Les phonèmes sont modulés par la cavité buccale, la cavité nasale, la gorge, la langue, les dents, les lèvres, les poumons et les cordes vocales. L’appareil phonatoire a ses limites physiques — sans oublier les individus qui ont une incapacité dans ces zones, où des créatures qui ne les ont simplement pas — mais aussi un impressionnant potentiel acoustique. De nos jours, on estime la capacité humaine à plus de 150 phonèmes. La majorité est des consonnes, mais n’empêche, ça ouvre la porte à l’imagination, à s’y perdre? Par où commencer?

La façon la plus simple de créer une langue est d’en copier une. Prendre ses sons, ses structures, changer les mots. L’autre façon — la plus riche j’oserais dire — est de commencer du début: les phonèmes donc. Mais qui sont-ils?

Consonne, voyelle, consonne, consonne, voyelle…

Les voyelles sont sonores. Elles sont vibrantes, contrairement au bruit de certaines consonnes. Les cordes vocales sont toujours impliquées dans leur production et la résonance du système phonatoire est sollicitée, totalement ou partiellement. Elles peuvent être courtes (patte, hotte), longues (pâte, hôte), appuyées (maría, mary) ou tonales (/mà/, /mă/) comme dans plusieurs langues asiatiques.

schéma de son
« sons complexes » dans Éléments de phonétique avec application au français, de Pierre Martin

Certaines consonnes sont des bruits (ch, p, t), lorsque les cordes vocales ne sont pas sollicitées. Les autres sont des sons (m, b, j) un peu comme les voyelles, mais avec une modulation. La friction, l’occlusion (partielle ou totale), le clic, le trille et bien d’autres effets peuvent faire une modulation de la sortie d’air, accompagné ou non de voyelles.

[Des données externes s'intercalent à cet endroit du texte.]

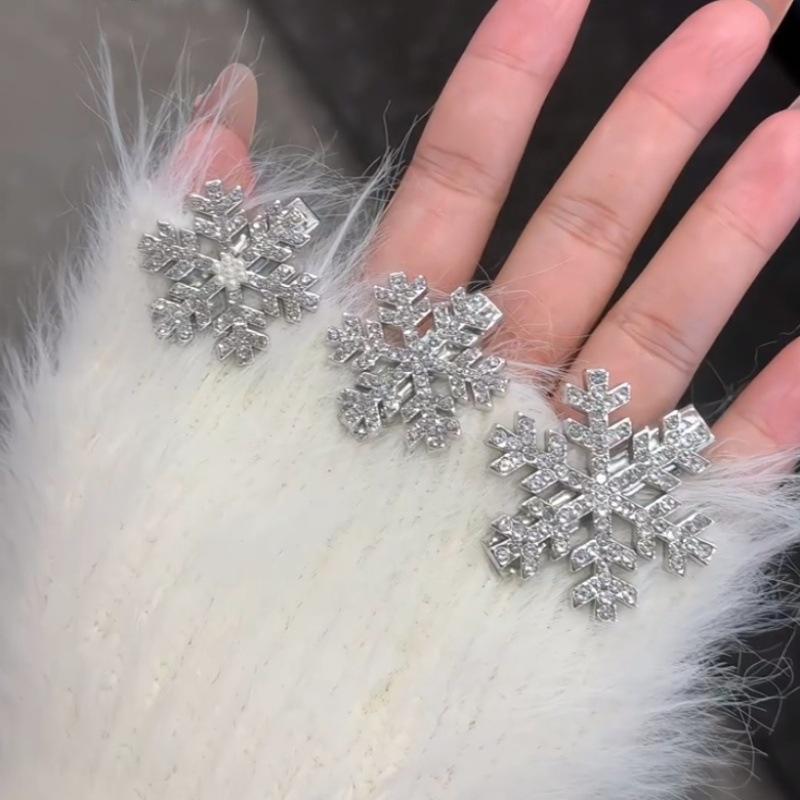 Cool-toned Snowflake Hair Clip - New 2025 Autumn/Winter Side Hairpin for Girls, Perfect for Christmas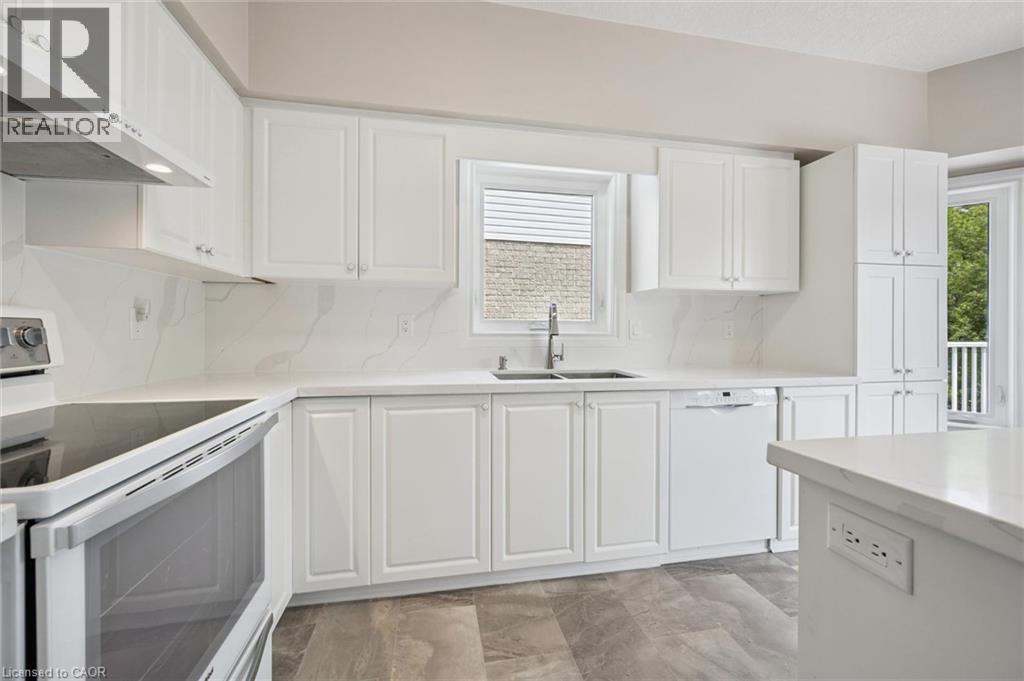 426 Hidden Creek Drive, Kitchener, Ontario  N2N 3N2 - Photo 15 - 40861553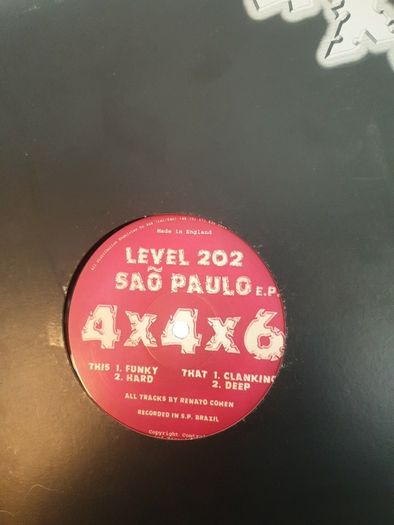 techno vinyl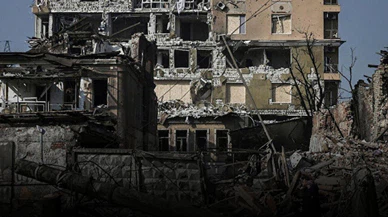 Savaşının şiddeti Donetsk'teki Volnovaha şehrini harabeye çevirdi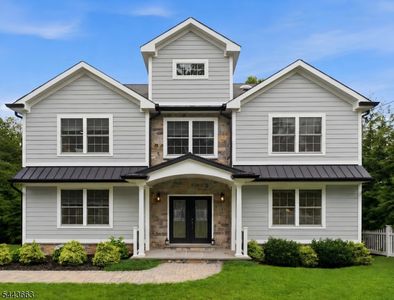 23 Alexander Ave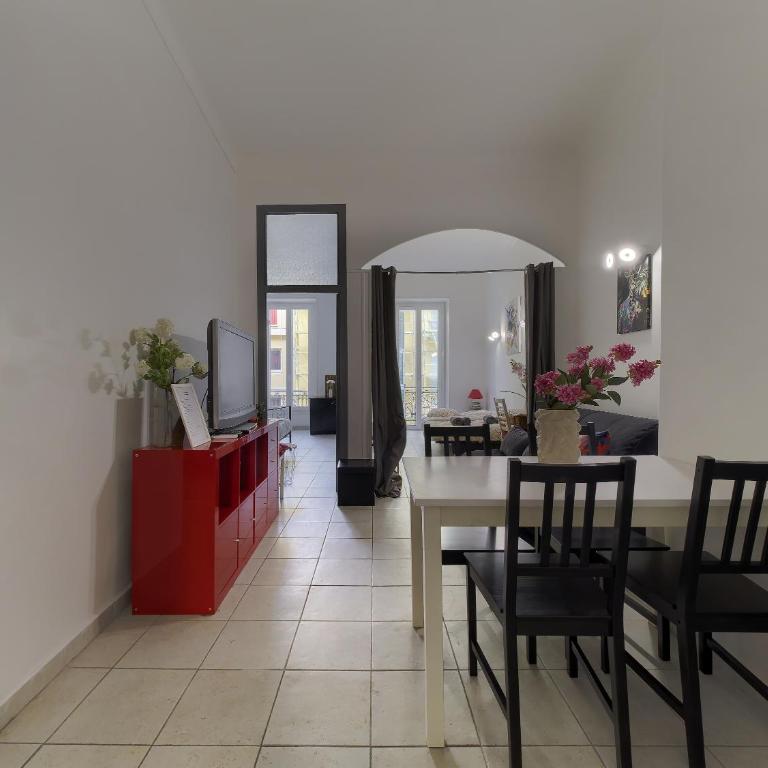 Cozy and renovated apartment - Hyper Central - Air Conditioner - Appartement 3 Chambres - 5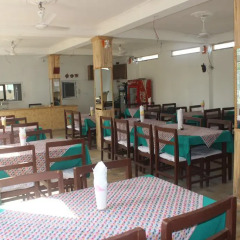 Отель Chitwan Forest Resort Непал, Саураха - отзывы, цены и фото номеров - забронировать отель Chitwan Forest Resort онлайн питание фото 2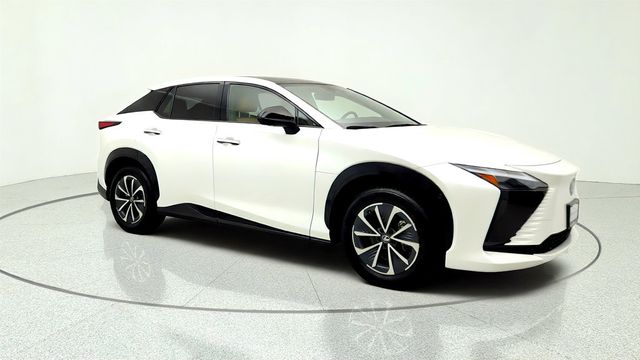 2024 Lexus RZ RZ 450e Premium AWD w/18'' Wheels & Technology Pkg - 23057351 - 2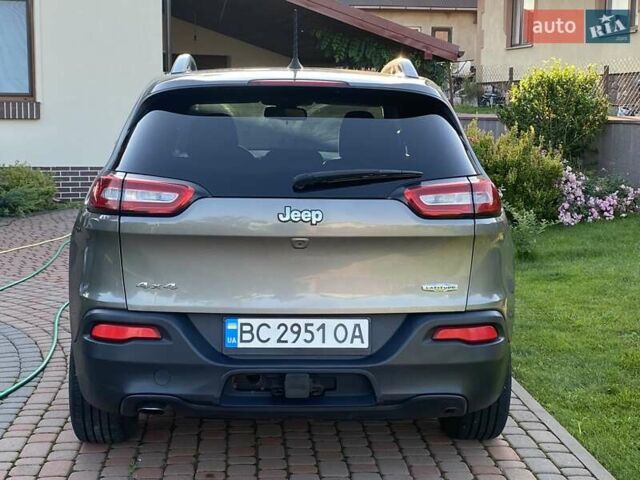 Сірий Джип Cherokee, об'ємом двигуна 2.36 л та пробігом 139 тис. км за 13500 $, фото 3 на Automoto.ua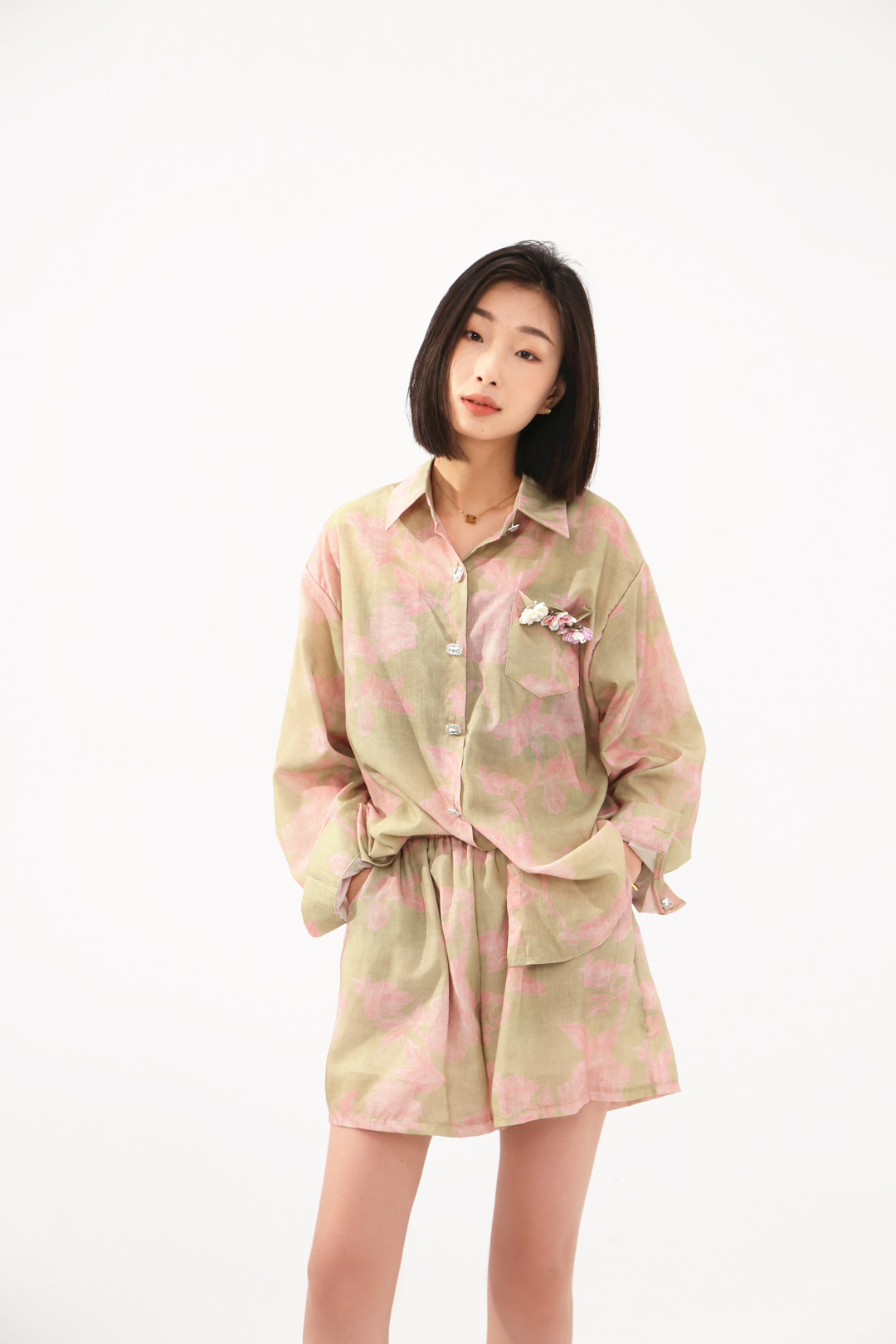 2024年我爱你节日白月时尚女装新款搭配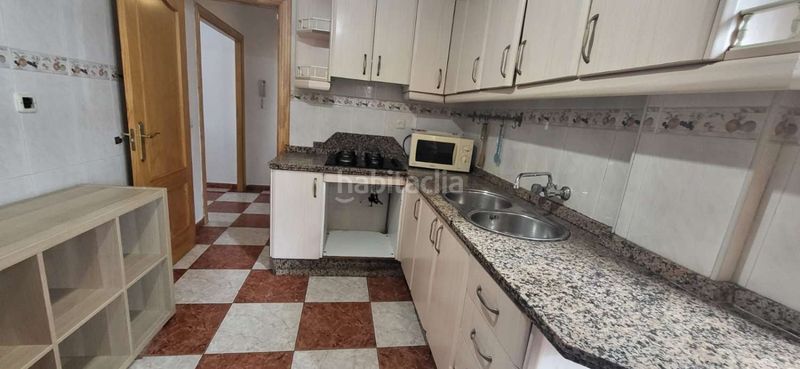 Foto bdba86fc-83d4-492f-a925-f593b32c350b. Pis a Centro Torre del Mar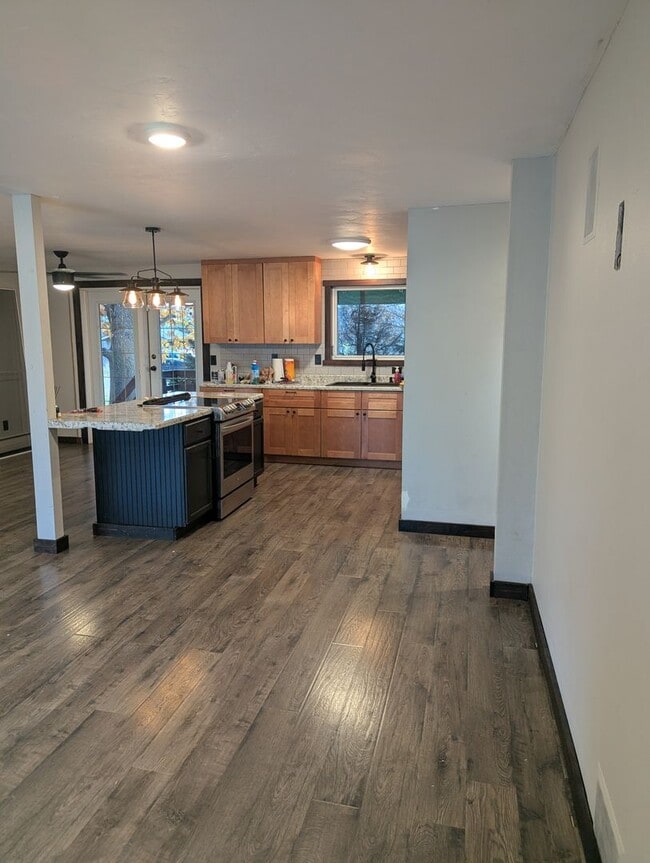 Foto del edificio - 1460 Marjorie St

Je ne couvrirai pas la création de langage non sonore. Si votre intérêt s’y trouve, j’imagine que vous pouvez substituer les éléments de base au vôtre pour arriver à construire ce système. (Par exemple, au lieu de son, vous partez sur des odeurs ou des lumières, à vous de définir les unités de base.)

Un langage enfile les consonnes et les voyelles les unes à travers les autres pour faire des chaines de phonèmes, et donc des mots. Il arrive que certains phonèmes soient simultanés. Par exemple, la double consonne /kp/ ou /gb/ ou les diphtongues (voire triphtongues) telle que /iau/ (très ancienne prononciation de “eau”) ou /au/ comme dans house ou haus. (Le /u/ phonétique est le “ou”, le /y/ phonétique est le “u”). Les concepts de diphtongue ou double consonne sont parfois déclamés, certains voient là plutôt des semi-voyelles, semi-consonnes. L’important n’est pas la classification, mais l’existence de ces sons.

Ok, où allons-nous? La phonétique semble infinie. Il va donc falloir faire de la phonologie. La différence entre ses termes est si simple, et vous allez l’aimer: la phonétique est l’ensemble connu des sons humains (les quelques 150 phonèmes), la phonologie est l’ensemble (normatif) d’une langue précise. Si le français tourne autour de 36 phonèmes, il s’agit là de sa phonologie, et non de sa phonétique. La phonétique du français prendrait en compte toutes les minuscules petites variations locales ou individuelles sur la prononciation, ce qu’on appellerait communément, l’accent. (À retenir pour plus tard…)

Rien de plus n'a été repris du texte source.